また、名も無き女性たちの、名も無き苦しみが、名前が無いまま描かれているので、この生活を続けていっても一体誰がこの苦しみに気付いてくれるのか、という閉塞感がありありと伝わってきます。劇中では先祖代々の家族写真を順番に映しだすシーンがあるのですが、酷く不格好に捻じ曲げられたままの女性たちの生活の苦しみが、どんどん積み重ねられた結果、代々の歴史を作っていることを目の当たりにした気がして、恐ろしいシーンだと思いました。

「お見合いの夫婦」


 まず冒頭、お見合い兼両家の顔合わせでしょうか、若い男女が一組、テーブルについていて周りには騒がしい親族が沢山います。親族たちが(少し面白がりながら)気を利かせて、テーブルに二人を残して様子を見ます。「初めて会ったのに何を話したらいいか……」ともじもじする男性に対して、「私も」と控えめに女性が答えます。この女性がこの映画の主人公です。
 この場面では、この男性がシャイで、あまり女性慣れしていなさそうな様子が見て取れます。
 少し気になったのは、主人公の女性の飲み物が見当たらないことです。男性(のちの夫)は自分のマグカップで何か(お気に入りのミルクティーでしょうか)を飲んでいるのに、女性のカップは映っていません。仮にもパーティの主役なのに何故?と思いました。
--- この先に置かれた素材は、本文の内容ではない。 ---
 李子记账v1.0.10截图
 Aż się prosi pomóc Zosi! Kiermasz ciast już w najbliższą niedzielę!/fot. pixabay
 この後、二人は無事に結婚式を挙げ、晴れて夫婦になります。結婚式の中で、給仕をしているのは全て親族の女性で、男性陣と子供たちはのんびりお茶やジュースを飲んでいます。
 せっかくだから甘い物でも、などと親族の女性に勧められ、新郎新婦は白い飲み物(?)をスプーンで口に運ばれ、一口、二口と飲み込みます。特別な飲み物なのでしょうか?
 とてもきらびやかで美しい結婚式ですが、私が気になったのは新郎新婦の内、新婦だけが水で足を洗われることです。どういった意味合いがあるのでしょうか?

「夫の家に嫁ぐ」


 主人公の夫の家での生活が始まります。主人公、夫、姑、舅の四人が広い家に住んでいます。最初の食事は、姑さんが給仕をして、男性陣とお客さんである主人公は一緒に食べます。「お義母さんは?」と主人公が尋ねると「私は男性陣とお客のあとに食べる」と言われます。まず出来立ての料理を男性たちが食べ、そのあとに男性陣の食べ散らかした食べかす(テーブルクロスに直接食べかすを乗せています!)や汚い皿を片づけてから、女性陣が食べ始められるのです。次の日から主人公は「私はお義母さんと食べる」と言って「この家の女性陣」の仲間入りをするのです。

「夫と舅」


 朝、主人公と姑が忙しく料理を作っている間、夫は優雅にヨガに勤しみ、舅はのんびり新聞を読んでいます。このはっきりとした対比が見えない壁を表しているのだと思いました。
 その合間を縫って、姑は極めて自然に甲斐甲斐しく舅の世話をします。歯磨きペーストをつけた歯ブラシを舅の元に早足で持って行き、「でかける」と舅が一言言えば靴を揃えて持って行きます。もちろん、夫と舅の汚い朝食の後始末もします。
 私は「はあ?」と思いましたが、日本でもまだこういう光景があるんだろうな、と容易に想像できてうんざりしました。男性陣の様子を見て、まるで、「髭を生やしてテラテラと脂ののった、性欲のある大きな赤ん坊」のようだと思いました。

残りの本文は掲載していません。